• **Recorded information**:
[Start of Attachment]

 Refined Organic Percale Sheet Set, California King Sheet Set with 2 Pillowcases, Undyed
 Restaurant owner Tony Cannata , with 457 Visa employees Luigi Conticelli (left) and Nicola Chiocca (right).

[End of Attachment]
[Start of Attachment]

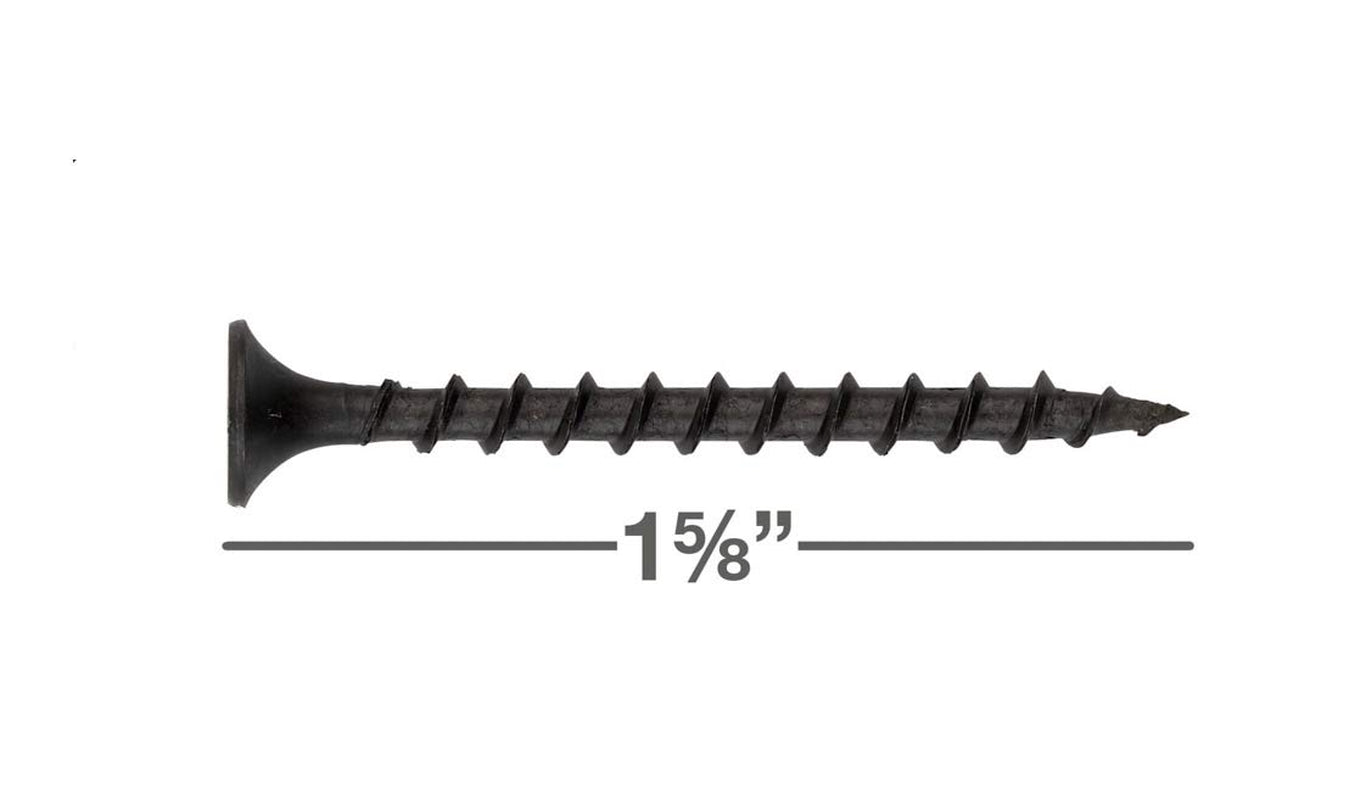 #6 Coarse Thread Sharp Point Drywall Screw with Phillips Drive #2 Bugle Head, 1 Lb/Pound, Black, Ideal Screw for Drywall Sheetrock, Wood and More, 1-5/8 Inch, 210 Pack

[End of Attachment]
[Start of Attachment]

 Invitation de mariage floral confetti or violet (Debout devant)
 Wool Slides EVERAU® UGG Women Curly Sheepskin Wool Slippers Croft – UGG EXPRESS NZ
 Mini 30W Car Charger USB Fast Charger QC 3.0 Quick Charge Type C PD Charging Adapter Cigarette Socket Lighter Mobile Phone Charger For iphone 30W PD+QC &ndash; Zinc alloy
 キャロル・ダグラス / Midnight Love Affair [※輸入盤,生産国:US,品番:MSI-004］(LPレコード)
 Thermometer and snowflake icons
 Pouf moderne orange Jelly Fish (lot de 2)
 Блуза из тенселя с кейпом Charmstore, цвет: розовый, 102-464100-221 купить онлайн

[End of Attachment]

• **What you will do**: Return the span of lines in the data above that opens at the line with "Wool Slides EVERAU®" and closes at the line with "Блуза из тенселя", exactly, ends included, nothing else.

• **Written answer**:
 Wool Slides EVERAU® UGG Women Curly Sheepskin Wool Slippers Croft – UGG EXPRESS NZ
 Mini 30W Car Charger USB Fast Charger QC 3.0 Quick Charge Type C PD Charging Adapter Cigarette Socket Lighter Mobile Phone Charger For iphone 30W PD+QC &ndash; Zinc alloy
 キャロル・ダグラス / Midnight Love Affair [※輸入盤,生産国:US,品番:MSI-004］(LPレコード)
 Thermometer and snowflake icons
 Pouf moderne orange Jelly Fish (lot de 2)
 Блуза из тенселя с кейпом Charmstore, цвет: розовый, 102-464100-221 купить онлайн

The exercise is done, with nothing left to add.